## Your objective
As the answer, give exactly the lines of the records below from the one with "cover page of" through the one with "Colorful Geometric Heart Logo", ends included and pictures left out.

*** Opening The input ***

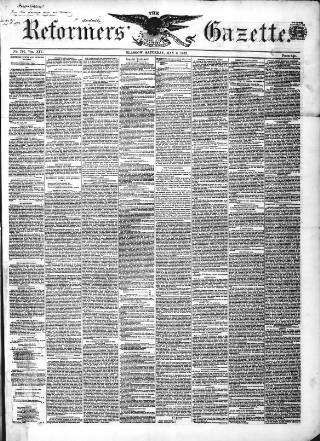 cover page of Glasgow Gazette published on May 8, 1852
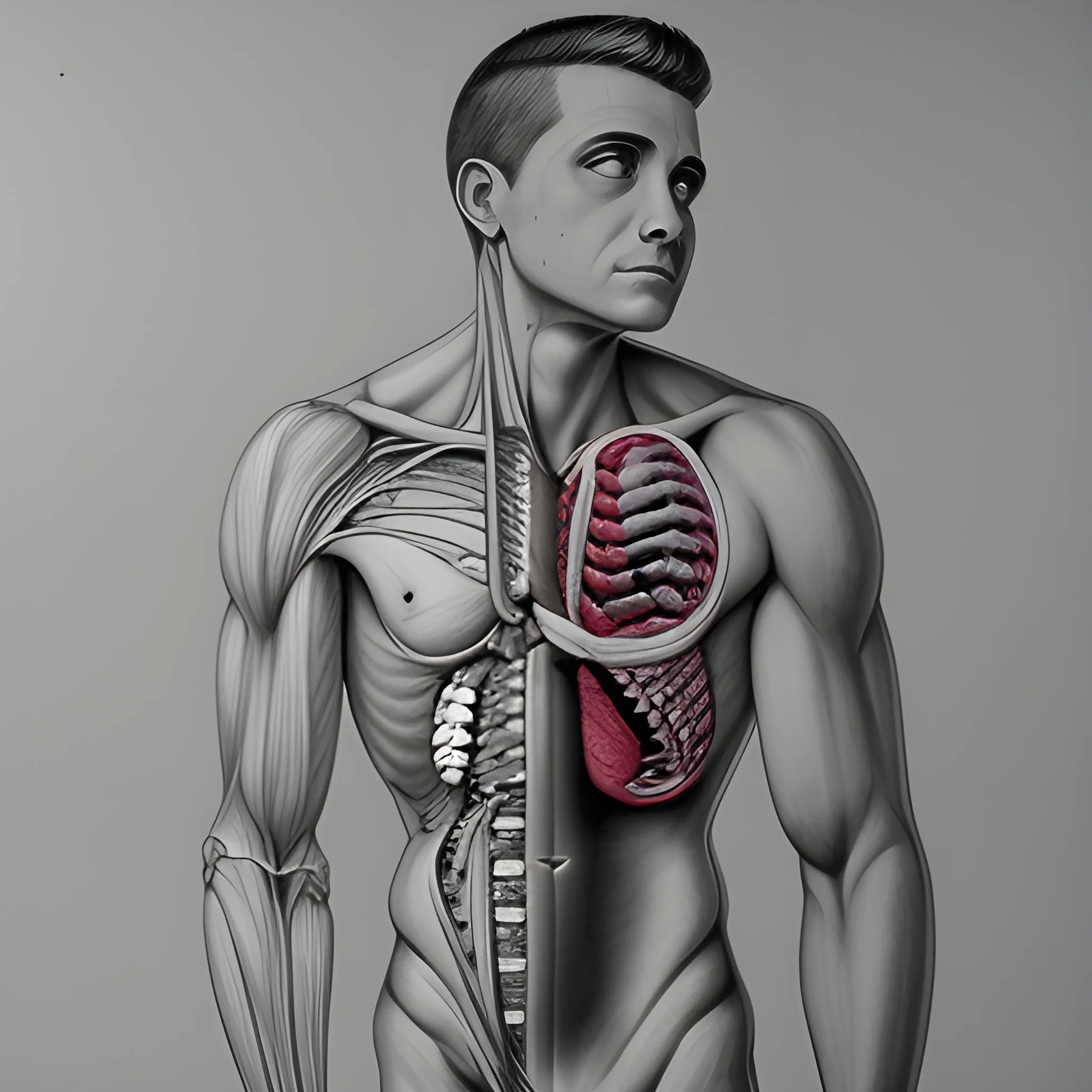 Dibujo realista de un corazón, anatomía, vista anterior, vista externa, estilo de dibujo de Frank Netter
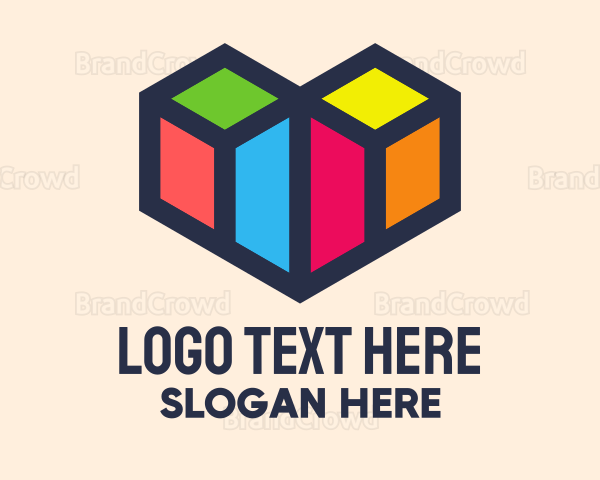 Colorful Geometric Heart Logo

*** Closing The input ***
*** Opening The input ***

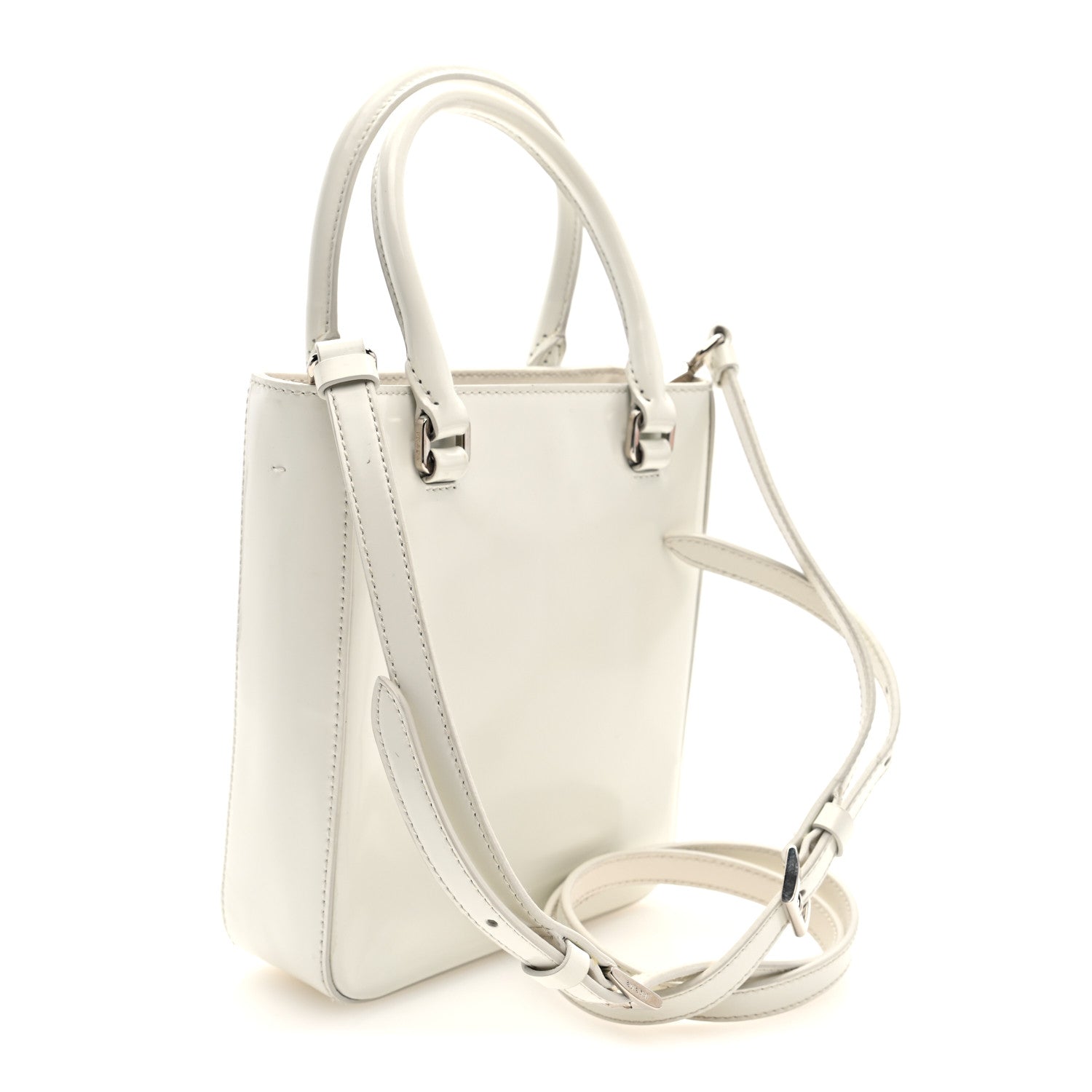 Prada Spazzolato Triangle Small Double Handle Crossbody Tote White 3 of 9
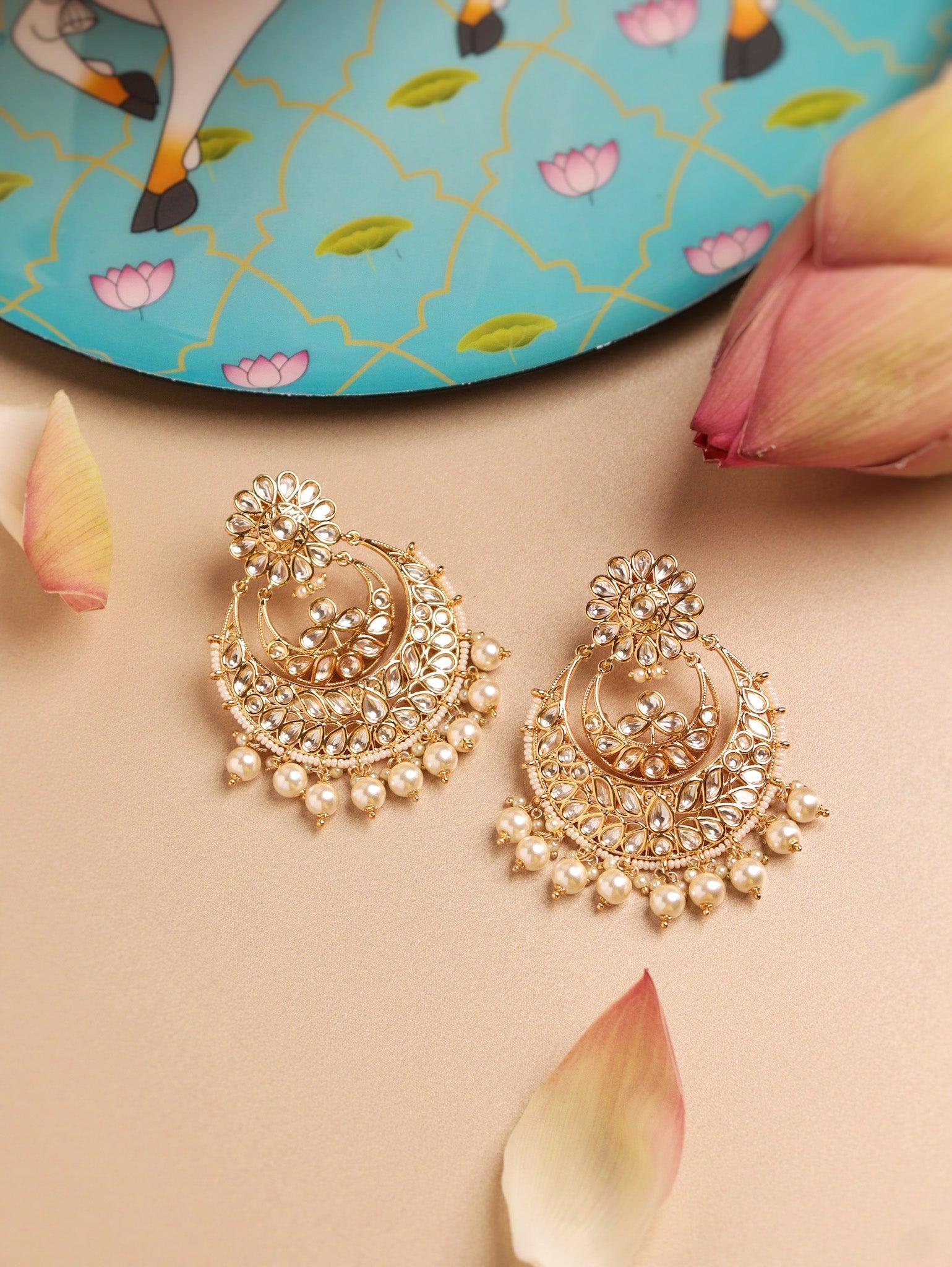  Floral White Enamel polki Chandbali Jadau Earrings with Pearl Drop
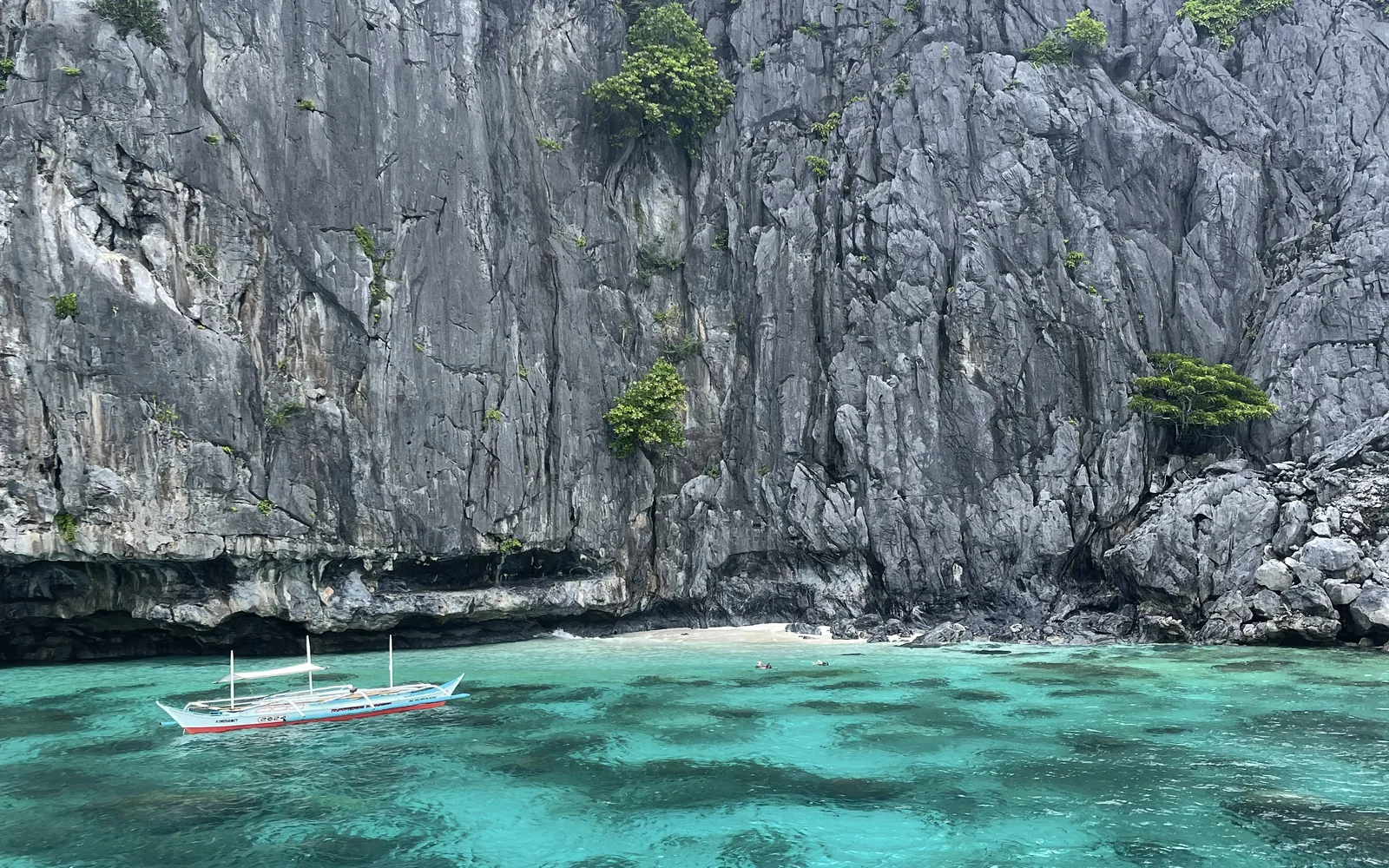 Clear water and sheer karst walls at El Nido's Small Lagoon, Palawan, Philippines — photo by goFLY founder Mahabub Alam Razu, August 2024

*** Closing The input ***

## Finished task
 cover page of Glasgow Gazette published on May 8, 1852
 Dibujo realista de un corazón, anatomía, vista anterior, vista externa, estilo de dibujo de Frank Netter
 Colorful Geometric Heart Logo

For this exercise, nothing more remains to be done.